Donc, j’introduis un retour en arrière avec fondu au blanc: ça remonte à l’époque où nous allions faire l’épicerie pendant la semaine, le jour. Faire des courses était littéralement l’expression qui convenait. Alors, peut-être que c’est juste une impression qui s’explique par le fait qu’il y a moins de monde, donc moins de bruit ambiant, et que ceci explique cela parce que tout est dans tout, mais permets-moi de partager à l’aide d’un haïku interro-évanescent cette impression fugace et un brin étonnante qui m’enveloppa tendrement dans l’allée des conserves ou des pâtes alimentaires.
Jour, épicerie
Plus de vieux et c’est moi ou…
Musique plus forte?
Note au passage que j’ai utilisé le jour comme kigo étant donné que pleine lune fait parfois l’affaire, mais si tu veux contester, ça ne me dérange pas particulièrement que tu considères plutôt cela comme un muki-haïku. Qui plus est, ne te scandalise pas pour vieux, c’est tout gentil, et je n’aurais pas réussi à respecter le nombre de syllabes requises avec dignes représentants du bel âge. De toute façon, les haïkus en français font rarement l’unanimité; on n’en tirera pas ici une grande japonaiserie.

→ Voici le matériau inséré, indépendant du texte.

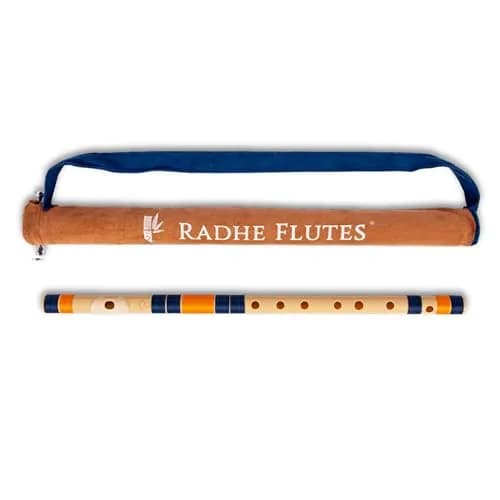 Radhe Flutes C Natural Bansuri | 51cm (20.1in) | Tuned A=440Hz, PVC Fiber, Dark Blue & Orange Threads — Beige Flute With Dark Blue & Orange Threads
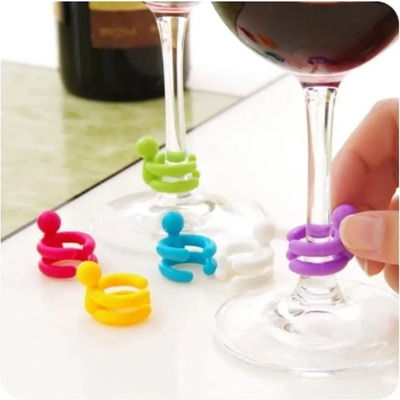 2 Marcador Silicone Para Taca De Vinho + 1 Tampa De Garrafa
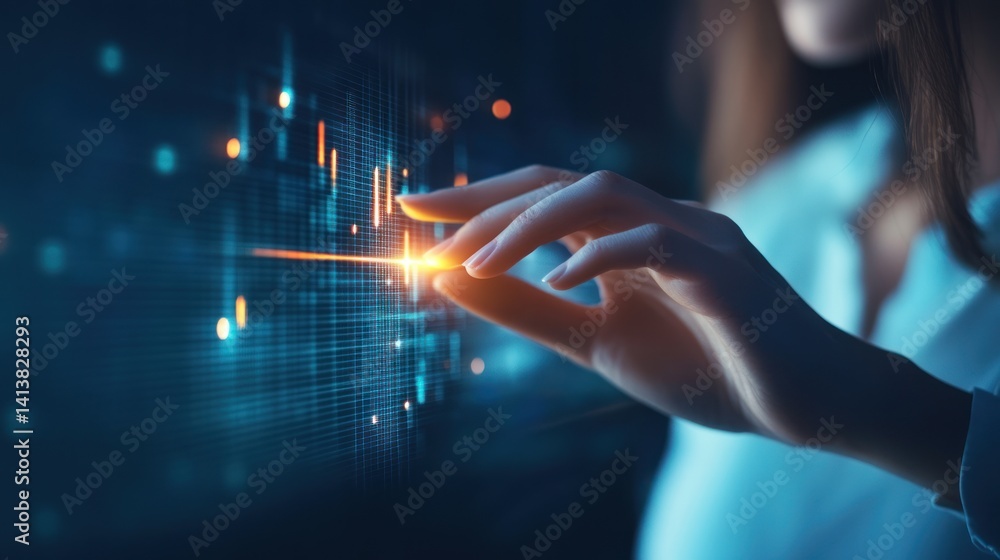 Poster woman's hand interacting with digital interface featuring glowing lines and data visualization repre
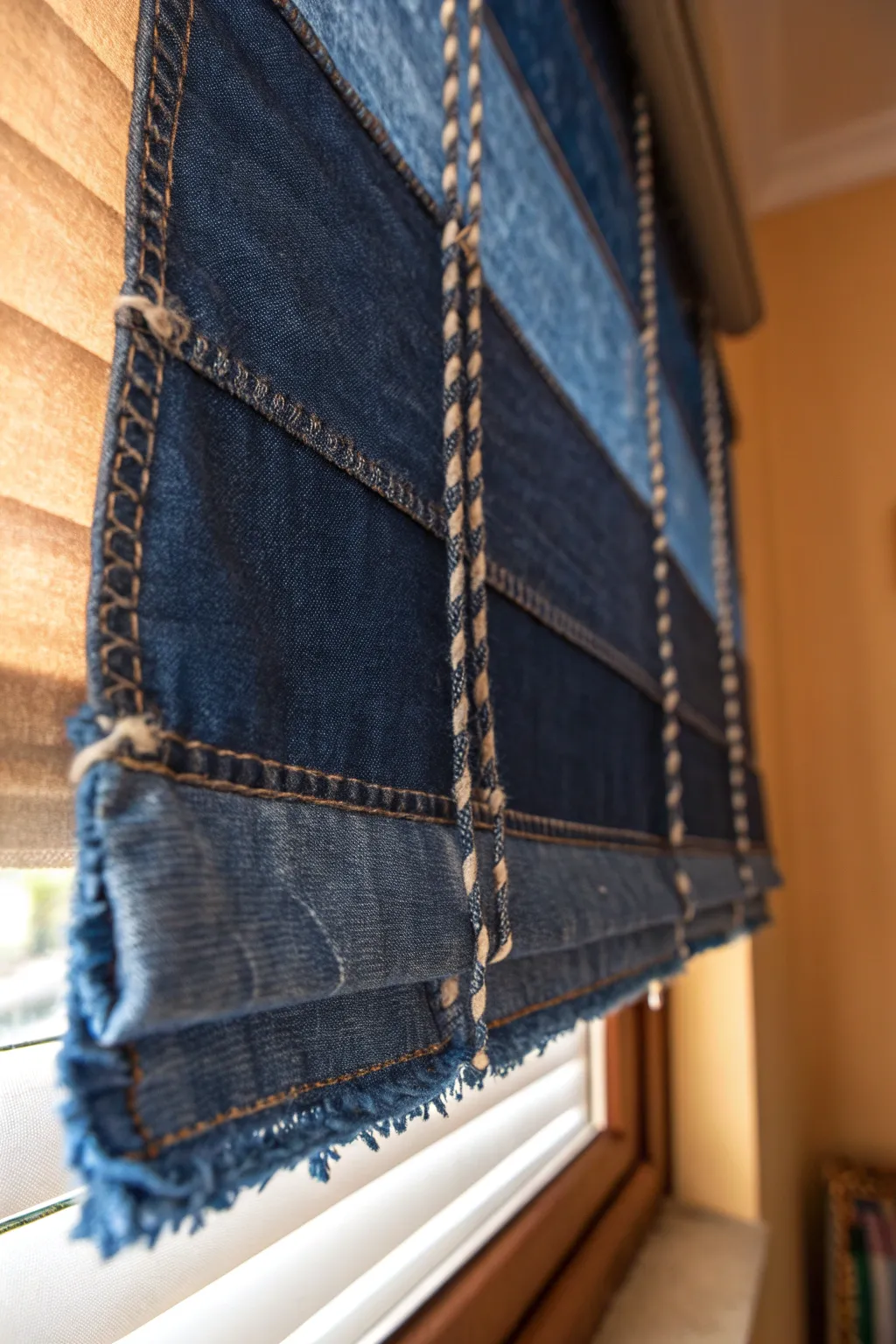 Elevate your space with sustainable style: Upcycled denim mini blinds.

Et plus prosaïquement, j’ai dit plus forte, pas meilleure.

09 mars 2011

Septième épître – le retour au travail

Cher sauf-conduit pour le congé parental,

Voilà, j’ai sauté un bon chapitre, mais toute bonne chose a une fin, comme le dit le philosophe anonyme souvent cité. C’est ce qui explique que c’est à notre tour de te réveiller tôt et que le matin prend désormais des allures de sprint, d’où la raison de ces céréales que tu ingurgites avant même d’avoir les yeux complètement ouverts. Quoi, c’est ça la vie normale, ce rythme-là? Mais avant, tout ce beau leurre, les trois mois de matinées au tempo adagio, à mâcher le toutou bleu laid dans le salon en essayant de résoudre le problème des tours de Hanoï, autant que possible en xN–1 coups (où N est le nombre de disques)? Hé oui, c’est ça qui est ça, et pendant qu’on y est le père Noël n’existe pas non plus, faudra t’y faire.

Fini donc, notre quasi-solipsisme maison; il faut maintenant sortir de la tanière (ni sombre ni misérable, ne t’inquiète pas) pour autre chose que les promenades en traîneau et le ravitaillement, voir si mes dossiers se sont fossilisés au travail, effacer 200 messages électroniques accumulés, et replonger dans les froides eaux torrentielles.

Alors, laisser choir une bordée de neige par-dessus tout ça le matin même où il fallait s’y lancer, disons que les météorologues auraient pu y renoncer. Ce n’est pas très coopératif.